→ DIRECTIONS FOR THIS TASK: Every line from the one with "Bulle de dialogue" up to and including the one with "Retro Queer Joy" is to be output exactly as it appears below; pictures are not.

──────── STUDY MATERIAL

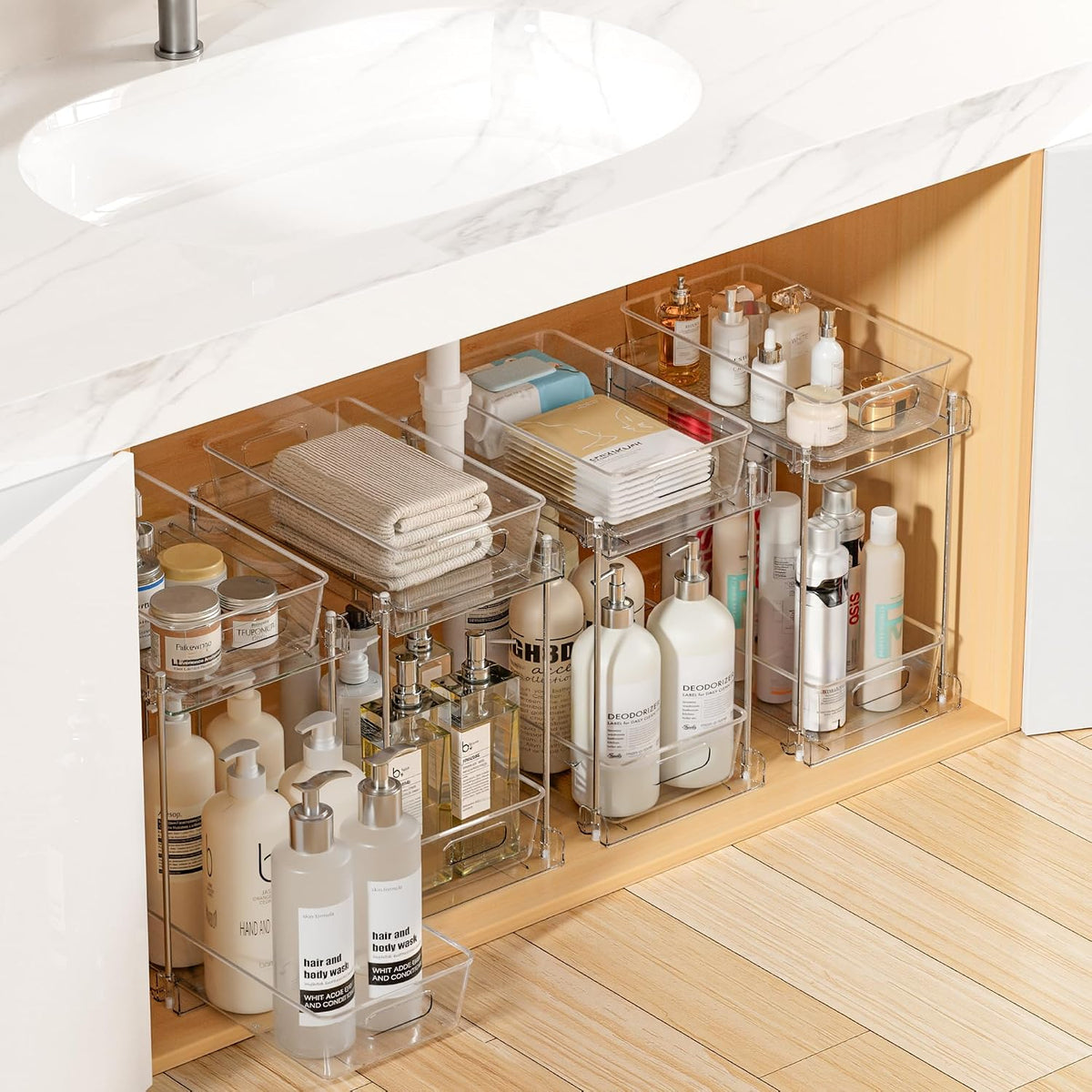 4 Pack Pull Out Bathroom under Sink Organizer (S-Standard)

────────────────
──────── STUDY MATERIAL

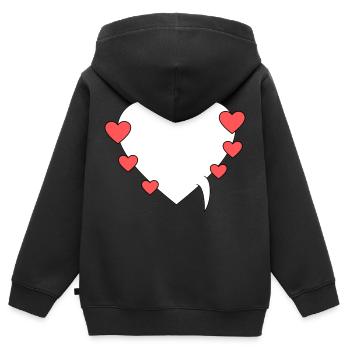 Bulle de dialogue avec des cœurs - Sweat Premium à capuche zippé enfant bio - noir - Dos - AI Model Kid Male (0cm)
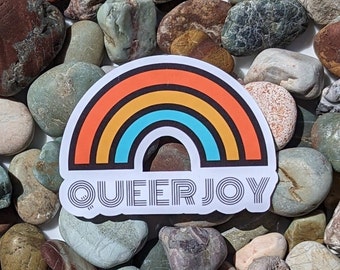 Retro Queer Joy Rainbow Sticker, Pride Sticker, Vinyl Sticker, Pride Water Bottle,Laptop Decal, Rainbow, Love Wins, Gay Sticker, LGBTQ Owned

────────────────

→ TASK OUTPUT:
 Bulle de dialogue avec des cœurs - Sweat Premium à capuche zippé enfant bio - noir - Dos - AI Model Kid Male (0cm)
 Retro Queer Joy Rainbow Sticker, Pride Sticker, Vinyl Sticker, Pride Water Bottle,Laptop Decal, Rainbow, Love Wins, Gay Sticker, LGBTQ Owned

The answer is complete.